Of the lines in the material below, print only those from the one containing "Young woman with" to the one containing "Basement with carpeted", ends included, exactly as written and without pictures.
Records to use below:
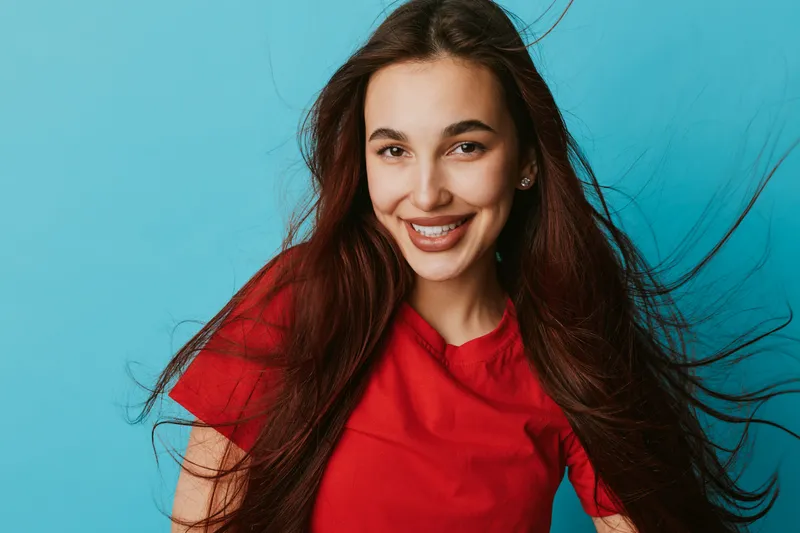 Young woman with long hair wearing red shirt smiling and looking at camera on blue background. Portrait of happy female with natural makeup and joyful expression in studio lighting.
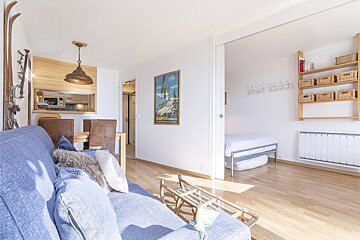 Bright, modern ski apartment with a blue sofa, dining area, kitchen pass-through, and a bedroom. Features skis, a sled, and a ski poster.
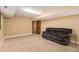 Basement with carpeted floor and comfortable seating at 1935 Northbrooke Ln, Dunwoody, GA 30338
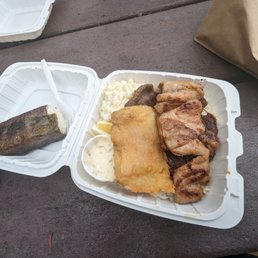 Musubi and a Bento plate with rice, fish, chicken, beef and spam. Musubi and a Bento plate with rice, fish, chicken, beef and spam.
End of Records to use.
Records to use below:
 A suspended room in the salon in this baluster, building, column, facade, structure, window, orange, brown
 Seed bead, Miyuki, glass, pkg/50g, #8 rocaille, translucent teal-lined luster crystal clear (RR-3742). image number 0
End of Records to use.
Records to use below:
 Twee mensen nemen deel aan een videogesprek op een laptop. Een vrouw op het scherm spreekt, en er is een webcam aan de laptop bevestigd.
End of Records to use.
**Solution**
 Young woman with long hair wearing red shirt smiling and looking at camera on blue background. Portrait of happy female with natural makeup and joyful expression in studio lighting.
 Bright, modern ski apartment with a blue sofa, dining area, kitchen pass-through, and a bedroom. Features skis, a sled, and a ski poster.
 Basement with carpeted floor and comfortable seating at 1935 Northbrooke Ln, Dunwoody, GA 30338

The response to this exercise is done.